# WiFi and 4g at the same time?



## dpaine88 (Jul 21, 2011)

So I try to turn 4G on only when I need it really.

I usually am on WiFi. If I am on WiFi and have 4G enabeled, will it still suck power? OR can I just leave 4g on as long as I am on WiFi since it wont be turning the 4g radio on at all.


----------



## CC16177 (Dec 29, 2011)

I've been curious about this also.

Sent from my Galaxy Nexus using Tapatalk 2


----------



## times_infinity (Aug 6, 2011)

Nope. When you connect to wifi it disconnects the phone from the data network unless an event where it needs to pull something over the network using data like MMS or other things.

Sent from my Galaxy Nexus using RootzWiki


----------



## dpaine88 (Jul 21, 2011)

times_infinity said:


> Nope.
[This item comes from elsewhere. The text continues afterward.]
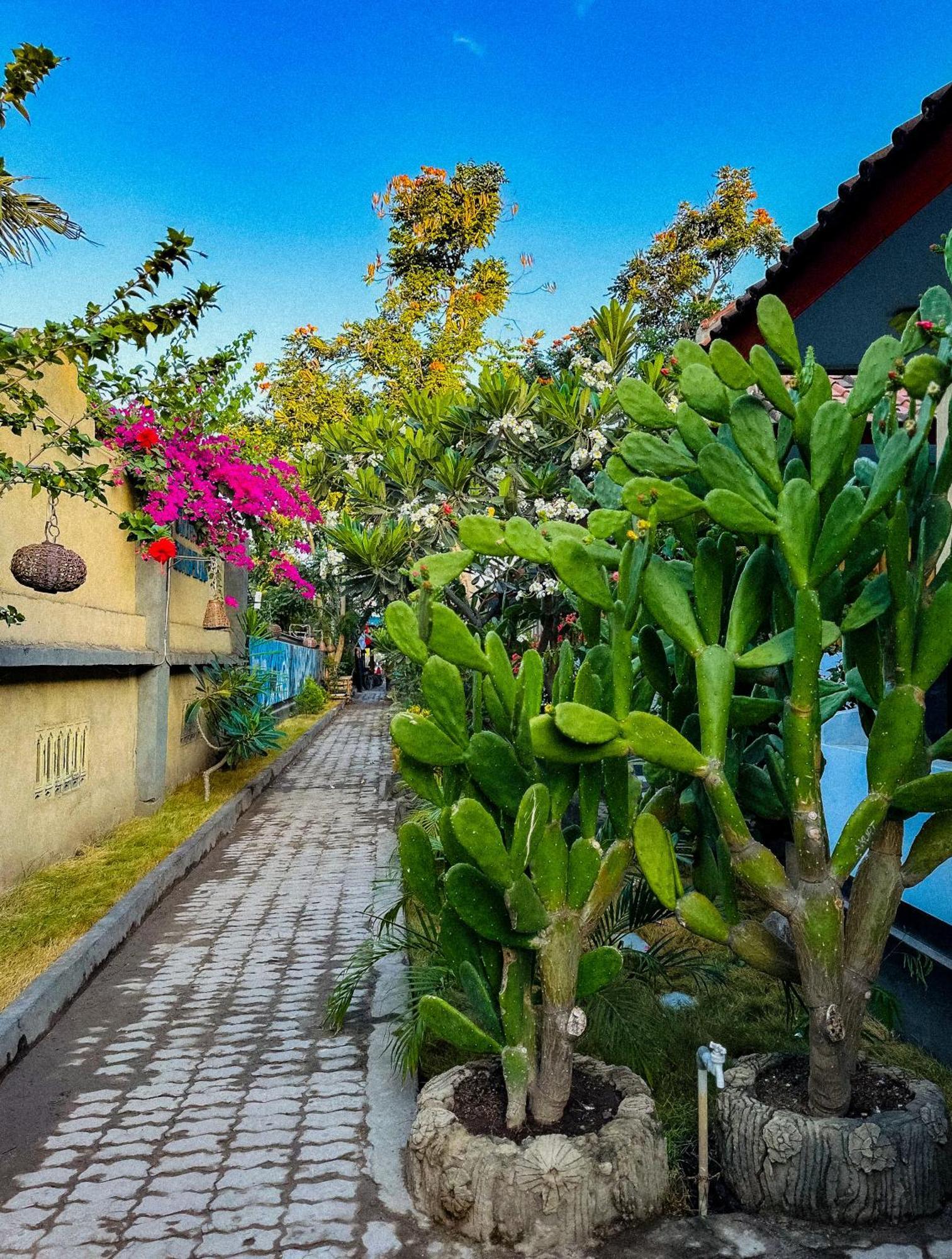 Creative Bungalow Beach Front Gili Trawangan Esterno foto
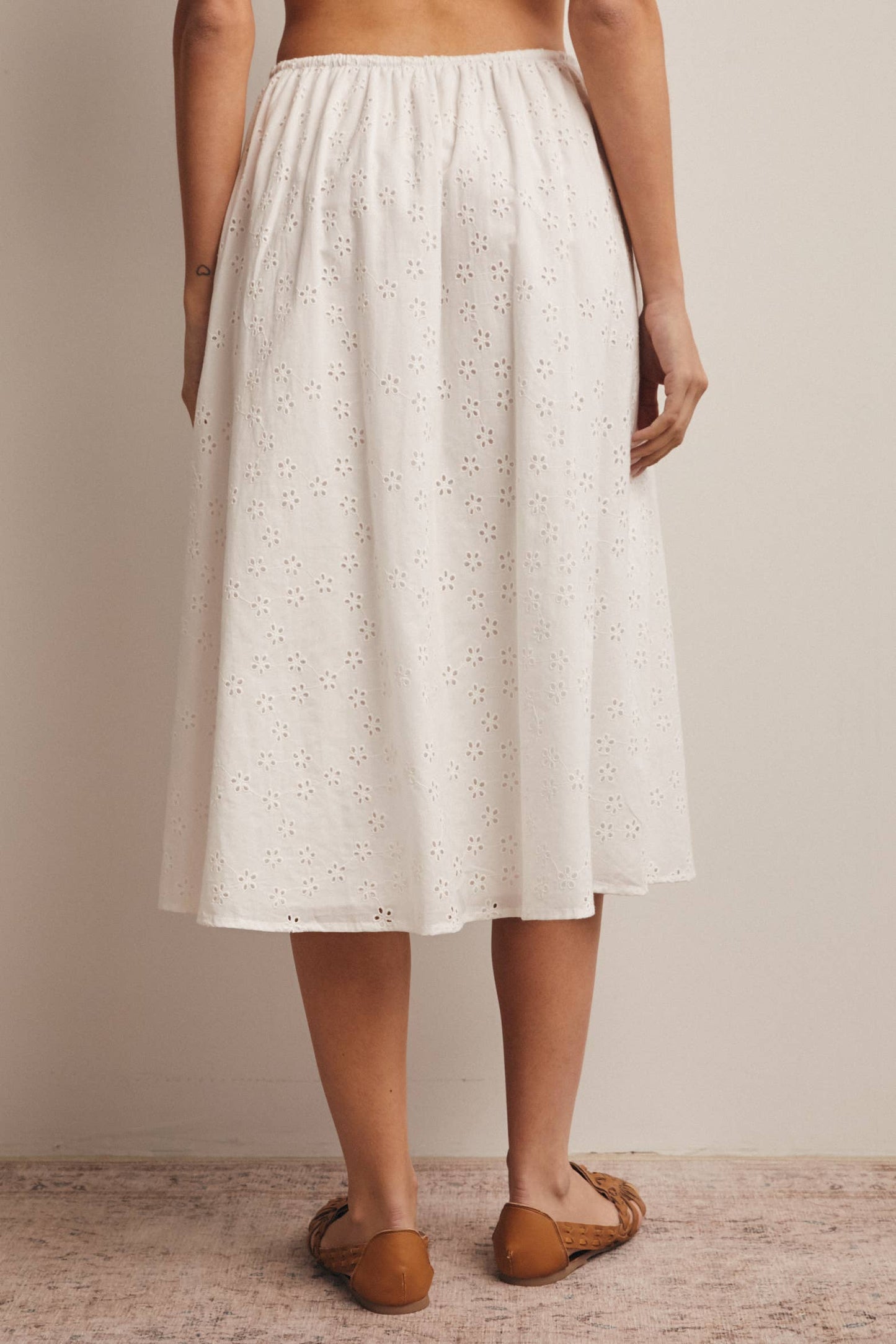 Ava's Eyelet Skirt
When you connect to wifi it disconnects the phone from the data network unless an event where it needs to pull something over the network using data like MMS or other things.
> 
> Sent from my Galaxy Nexus using RootzWiki


Thank you.

Someone said the exact oppsite on XDA and it didnt sound right at all.


----------



## Joesyr (Feb 7, 2012)

That was me! I am going off of my experience in flashing a new rom and trying to figure out why the battery was so terrible, only to find out I forgot to turn off 4g again. I only really flash roms when I have a sit-around-the-house and work kind of day, but it's possible I am misremembering my experience.

Also, my reasoning behind it is this: Part of what drains your battery is your phone actually powering the antenna to maintain the signal. Check your phone status in settings when you are connected to wifi and you will see that you still have an LTE signal, same as always. It is true that when wifi is on all of your data is processed through it. But the radio in your phone does not actually turn off, and this will drain the battery.

If anyone disagrees that it works this way I am happy to hear that I'm wrong, but I am not a heavy data user by a long shot, I'm usually on wifi, and I -always- notice that my battery has been terrible if 4g is on.

Edit: To clarify, your phone won't be drained _additionally_ by doing data transfers over LTE, because the data does go through wifi. But the idle drain is a killer as well, and you will notice this. 4g idle drain>3g idle drain.


----------



## legacystar (Jun 9, 2011)

Radios have a sleep state. So while the radio may not be switched off, its asleep using no power.


----------



## Joesyr (Feb 7, 2012)

legacystar said:


> Radios have a sleep state. So while the radio may not be switched off, its asleep using no power.


Well it might be less but it's not none. "Cell standby" in battery under settings is usually around 10% of my total battery drain, on 3g, even if the phone's just been sleeping all night with wifi on.

Edit: With regard to the original question, maybe it's just that I'm not in a particularly strong 4g area? I get a good signal bars-wise, but looking at it right now, I get a 3g signal of -83dBm and -100dBm on 4g. I agree that it seems like wifi -should- work the way your describe, but my experience tells me otherwise. I'm interested now though; I wrote off 4g a while ago and just don't use it, but I'll put it on tonight and see how my overnight drain stacks up to usual.


----------



## legacystar (Jun 9, 2011)

Joesyr said:


> Well it might be less but it's not none. "Cell standby" in battery under settings is usually around 10% of my total battery drain, on 3g, even if the phone's just been sleeping all night with wifi on.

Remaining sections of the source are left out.